======== Extracted information ========
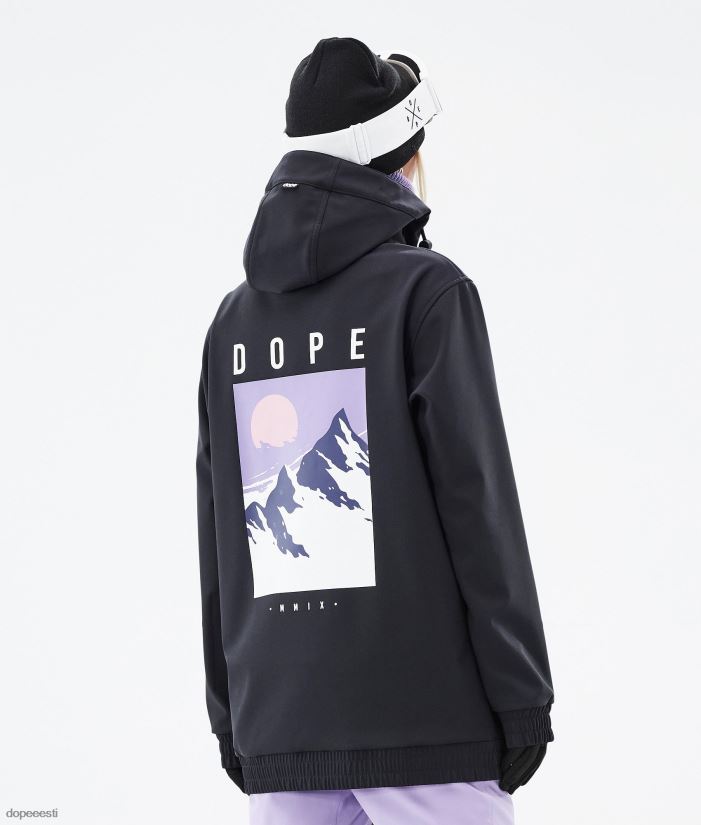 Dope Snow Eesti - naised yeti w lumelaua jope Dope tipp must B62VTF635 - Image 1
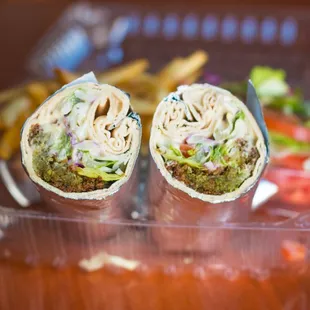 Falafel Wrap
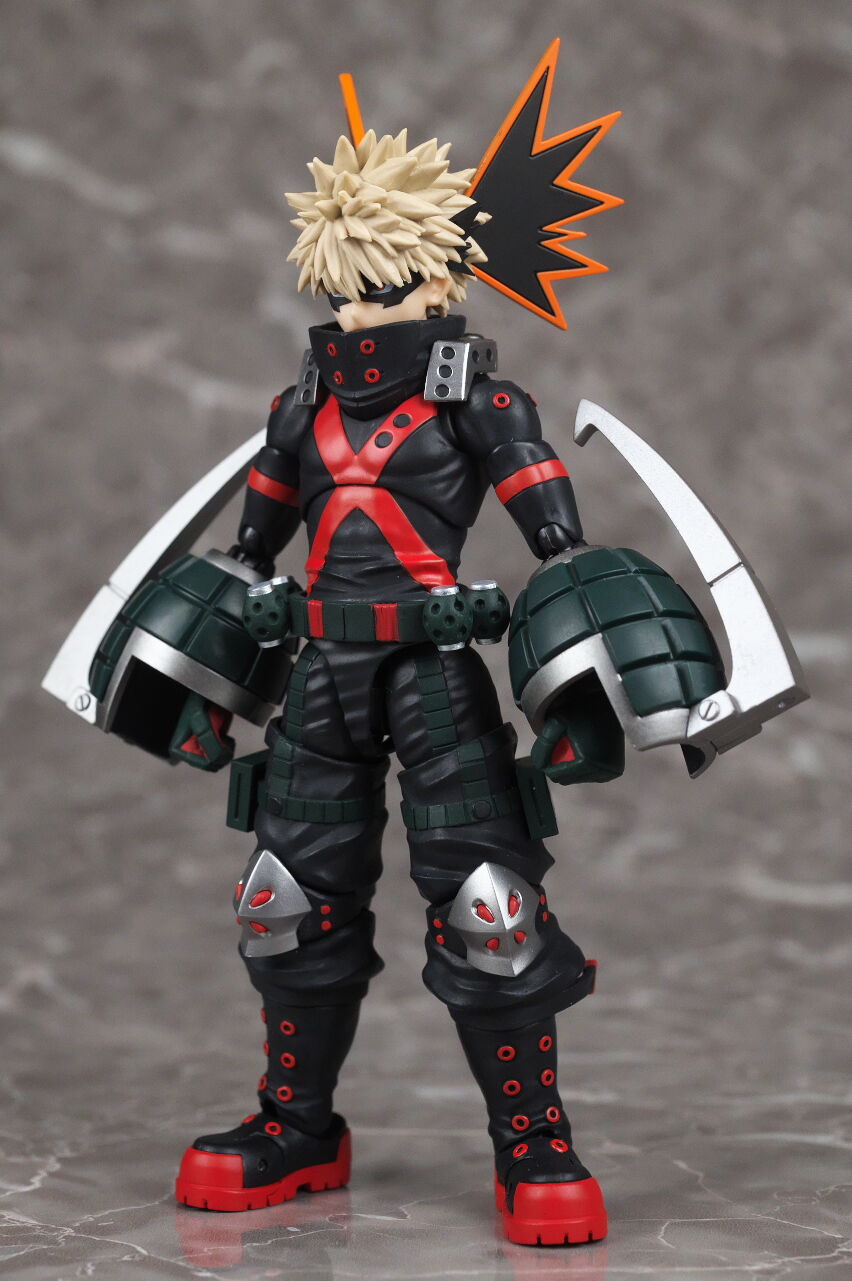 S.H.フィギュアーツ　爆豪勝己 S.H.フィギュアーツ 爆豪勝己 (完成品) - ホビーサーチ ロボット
========
======== Extracted information ========
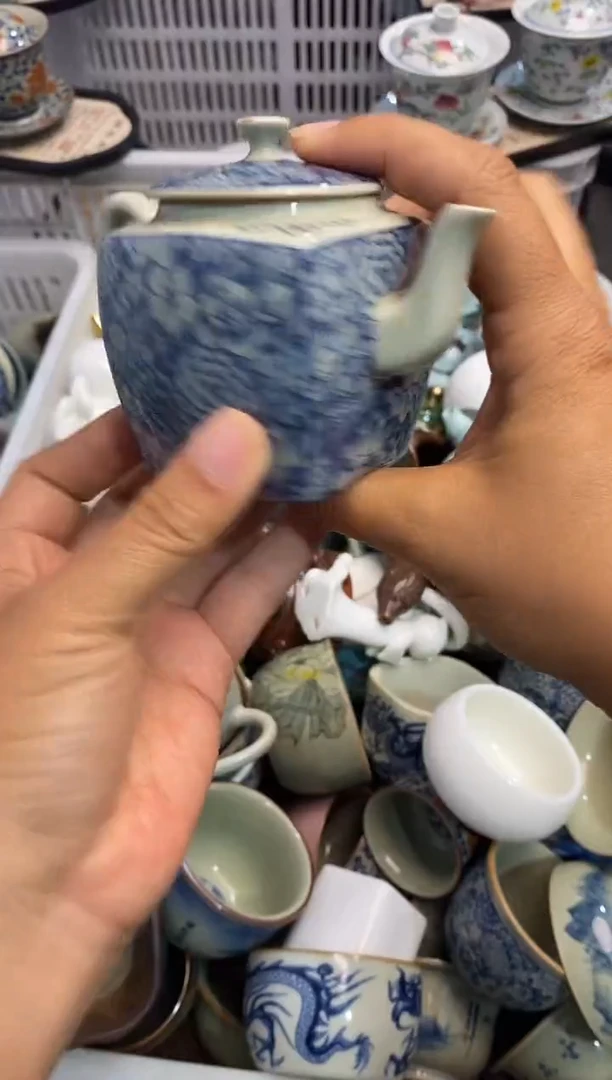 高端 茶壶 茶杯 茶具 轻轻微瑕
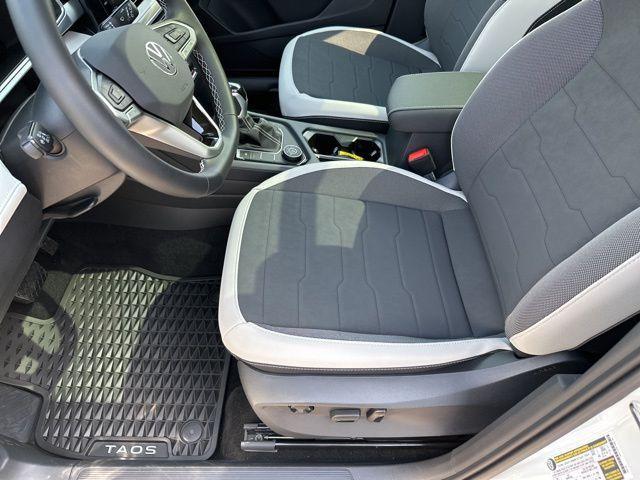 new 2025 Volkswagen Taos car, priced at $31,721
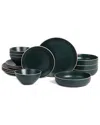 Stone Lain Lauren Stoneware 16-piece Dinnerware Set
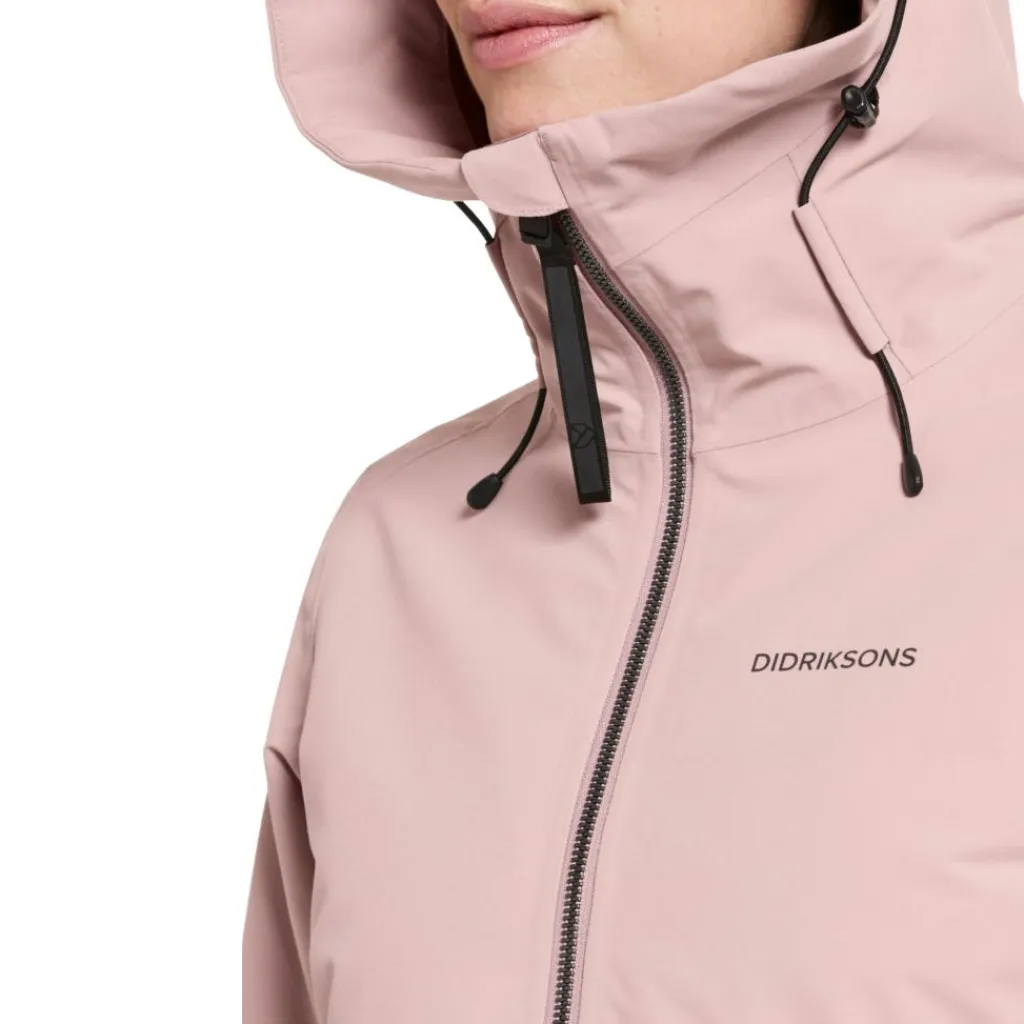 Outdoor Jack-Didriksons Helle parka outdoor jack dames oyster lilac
========
_Activity_
Write back word for word every line in the entries above from the one with "Falafel Wrap" to the one with "S.H.フィギュアーツ　爆豪勝己 S.H.フィギュアーツ 爆豪勝己", ends included, and none of the pictures.

_Exercise output_
 Falafel Wrap
 S.H.フィギュアーツ　爆豪勝己 S.H.フィギュアーツ 爆豪勝己 (完成品) - ホビーサーチ ロボット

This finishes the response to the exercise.